BRIEF ->
The whole listing that follows, pictures excepted, should be printed again exactly as given.

COLLECTED DATA ->

((

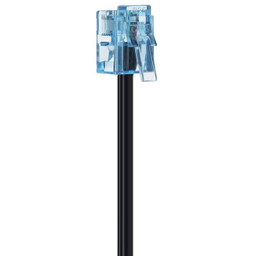 گوشی تلفن باسیم پاناسونیک مدل KX-TSC60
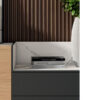 Mueble de TV CL08 - Image 2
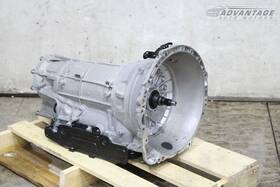 1087401799 Land-rover 2018-2022 Range L405 8-speed A/t Transmission Gearbox 18k 8hp70 Oem 1087401799 Land-rover 2018-2022 Range L405 8-speed A/t Transmission Gearbox 18k 8hp70 Oem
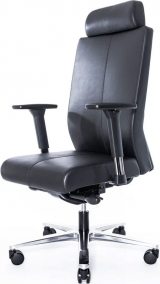 Falto Body Leather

))

EXPECTED ANSWER ->
 گوشی تلفن باسیم پاناسونیک مدل KX-TSC60
 Mueble de TV CL08 - Image 2
 1087401799 Land-rover 2018-2022 Range L405 8-speed A/t Transmission Gearbox 18k 8hp70 Oem 1087401799 Land-rover 2018-2022 Range L405 8-speed A/t Transmission Gearbox 18k 8hp70 Oem
 Falto Body Leather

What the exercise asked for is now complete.